> [Source data]:
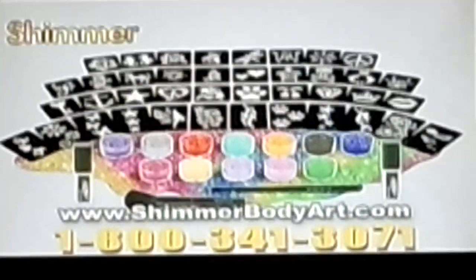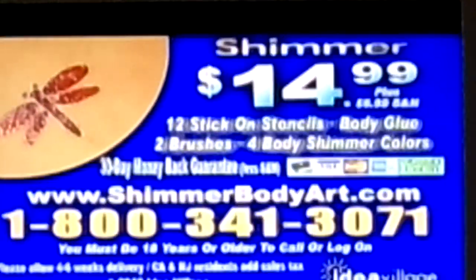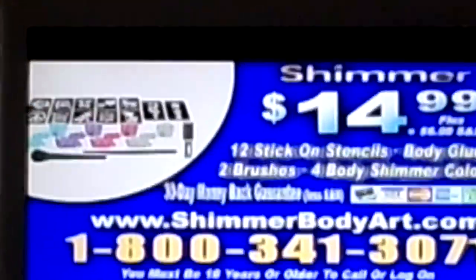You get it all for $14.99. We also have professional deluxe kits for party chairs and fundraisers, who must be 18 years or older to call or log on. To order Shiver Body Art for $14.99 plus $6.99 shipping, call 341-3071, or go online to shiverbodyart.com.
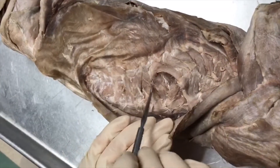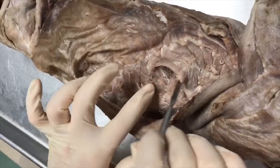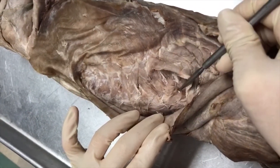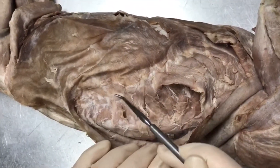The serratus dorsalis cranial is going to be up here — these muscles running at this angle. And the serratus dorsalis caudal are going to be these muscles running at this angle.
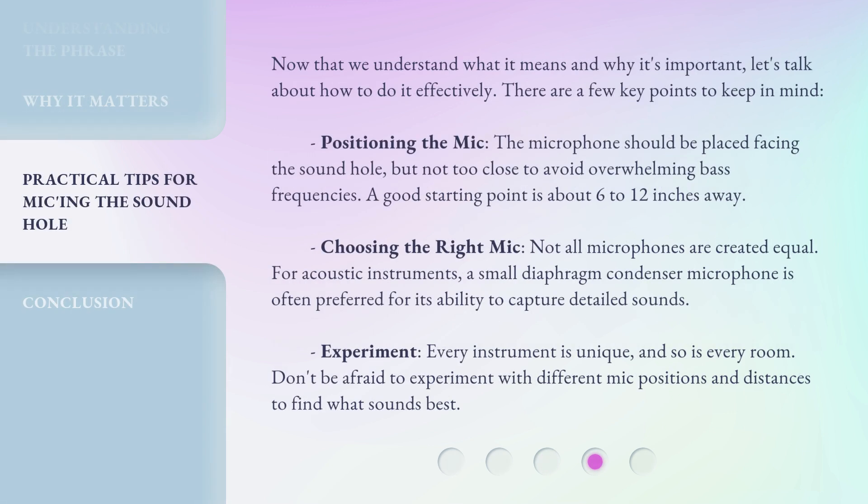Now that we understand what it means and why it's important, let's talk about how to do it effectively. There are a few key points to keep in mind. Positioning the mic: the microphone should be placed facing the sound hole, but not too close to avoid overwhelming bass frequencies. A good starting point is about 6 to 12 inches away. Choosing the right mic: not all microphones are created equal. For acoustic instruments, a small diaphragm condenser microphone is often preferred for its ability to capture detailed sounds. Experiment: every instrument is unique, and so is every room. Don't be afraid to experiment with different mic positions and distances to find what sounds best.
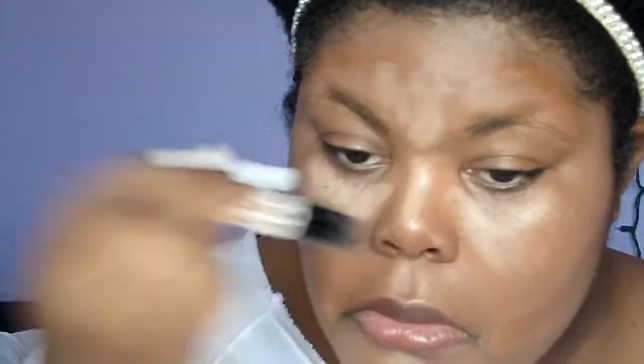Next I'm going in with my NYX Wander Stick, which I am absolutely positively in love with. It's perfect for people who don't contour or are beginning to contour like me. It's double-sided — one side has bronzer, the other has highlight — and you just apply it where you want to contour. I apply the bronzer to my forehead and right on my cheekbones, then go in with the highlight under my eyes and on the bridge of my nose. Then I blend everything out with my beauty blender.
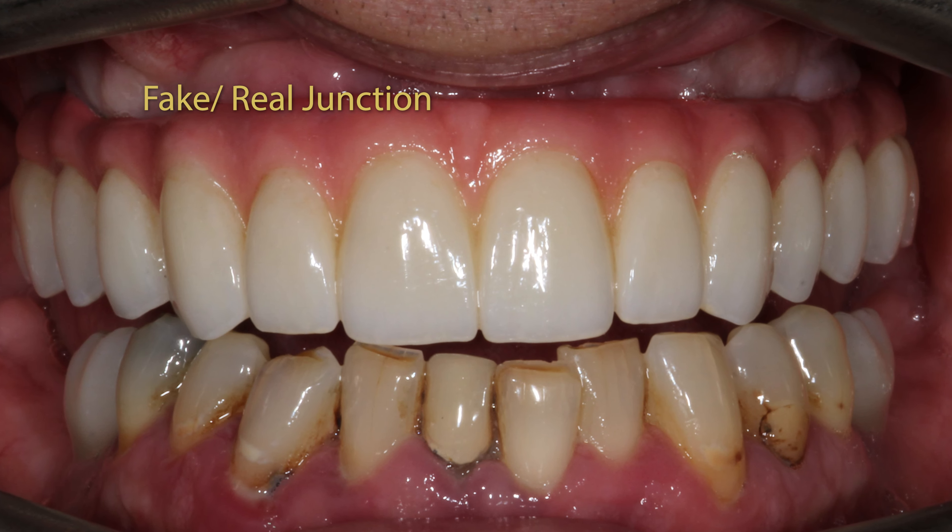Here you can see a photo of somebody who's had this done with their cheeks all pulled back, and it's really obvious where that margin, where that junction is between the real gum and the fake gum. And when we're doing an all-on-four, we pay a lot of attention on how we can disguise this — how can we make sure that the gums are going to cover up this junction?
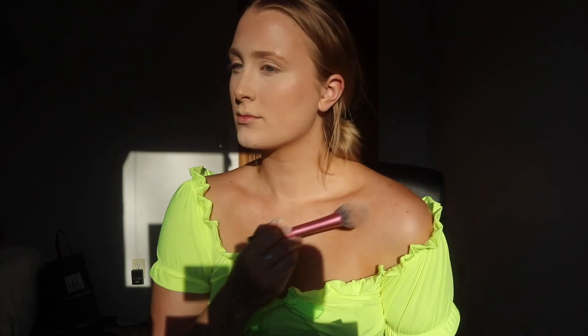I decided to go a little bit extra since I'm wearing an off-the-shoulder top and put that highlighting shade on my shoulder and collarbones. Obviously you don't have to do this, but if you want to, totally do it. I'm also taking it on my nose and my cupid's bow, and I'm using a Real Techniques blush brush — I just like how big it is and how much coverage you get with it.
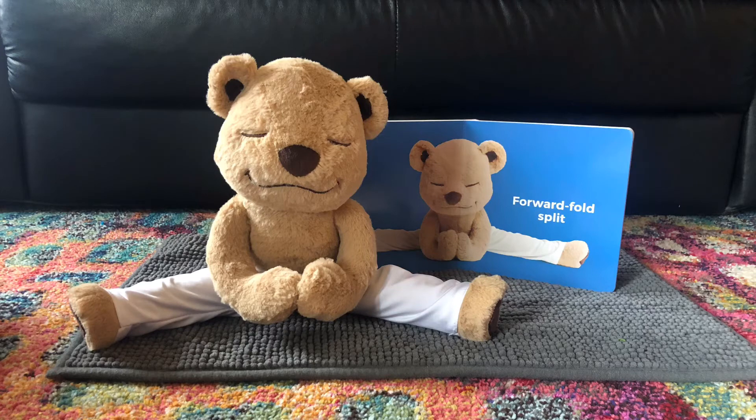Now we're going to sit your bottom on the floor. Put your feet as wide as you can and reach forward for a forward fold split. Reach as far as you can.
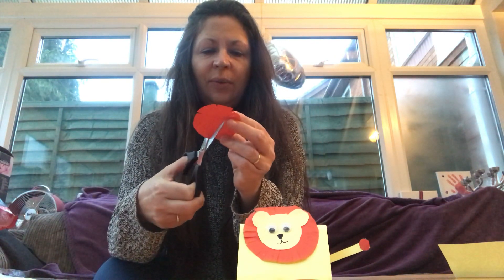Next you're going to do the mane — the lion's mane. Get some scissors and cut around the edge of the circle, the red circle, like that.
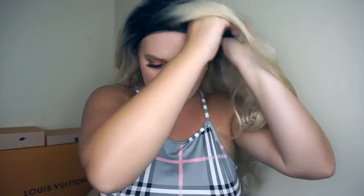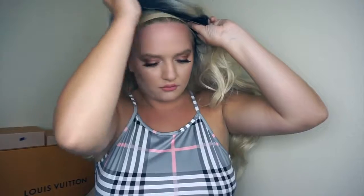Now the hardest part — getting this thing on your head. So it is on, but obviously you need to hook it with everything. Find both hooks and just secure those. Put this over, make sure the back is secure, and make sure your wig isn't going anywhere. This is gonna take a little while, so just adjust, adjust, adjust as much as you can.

> [Task item]: Set down all of the data word for word; no pictures belong in it.

> [Finished task]:
You get it all for $14.99. We also have professional deluxe kits for party chairs and fundraisers, who must be 18 years or older to call or log on. To order Shiver Body Art for $14.99 plus $6.99 shipping, call 341-3071, or go online to shiverbodyart.com.
The serratus dorsalis cranial is going to be up here — these muscles running at this angle. And the serratus dorsalis caudal are going to be these muscles running at this angle.
Now that we understand what it means and why it's important, let's talk about how to do it effectively. There are a few key points to keep in mind. Positioning the mic: the microphone should be placed facing the sound hole, but not too close to avoid overwhelming bass frequencies. A good starting point is about 6 to 12 inches away. Choosing the right mic: not all microphones are created equal. For acoustic instruments, a small diaphragm condenser microphone is often preferred for its ability to capture detailed sounds. Experiment: every instrument is unique, and so is every room. Don't be afraid to experiment with different mic positions and distances to find what sounds best.
Next I'm going in with my NYX Wander Stick, which I am absolutely positively in love with. It's perfect for people who don't contour or are beginning to contour like me. It's double-sided — one side has bronzer, the other has highlight — and you just apply it where you want to contour. I apply the bronzer to my forehead and right on my cheekbones, then go in with the highlight under my eyes and on the bridge of my nose. Then I blend everything out with my beauty blender.
Here you can see a photo of somebody who's had this done with their cheeks all pulled back, and it's really obvious where that margin, where that junction is between the real gum and the fake gum. And when we're doing an all-on-four, we pay a lot of attention on how we can disguise this — how can we make sure that the gums are going to cover up this junction?
I decided to go a little bit extra since I'm wearing an off-the-shoulder top and put that highlighting shade on my shoulder and collarbones. Obviously you don't have to do this, but if you want to, totally do it. I'm also taking it on my nose and my cupid's bow, and I'm using a Real Techniques blush brush — I just like how big it is and how much coverage you get with it.
Now we're going to sit your bottom on the floor. Put your feet as wide as you can and reach forward for a forward fold split. Reach as far as you can.
Next you're going to do the mane — the lion's mane. Get some scissors and cut around the edge of the circle, the red circle, like that.
Now the hardest part — getting this thing on your head. So it is on, but obviously you need to hook it with everything. Find both hooks and just secure those. Put this over, make sure the back is secure, and make sure your wig isn't going anywhere. This is gonna take a little while, so just adjust, adjust, adjust as much as you can.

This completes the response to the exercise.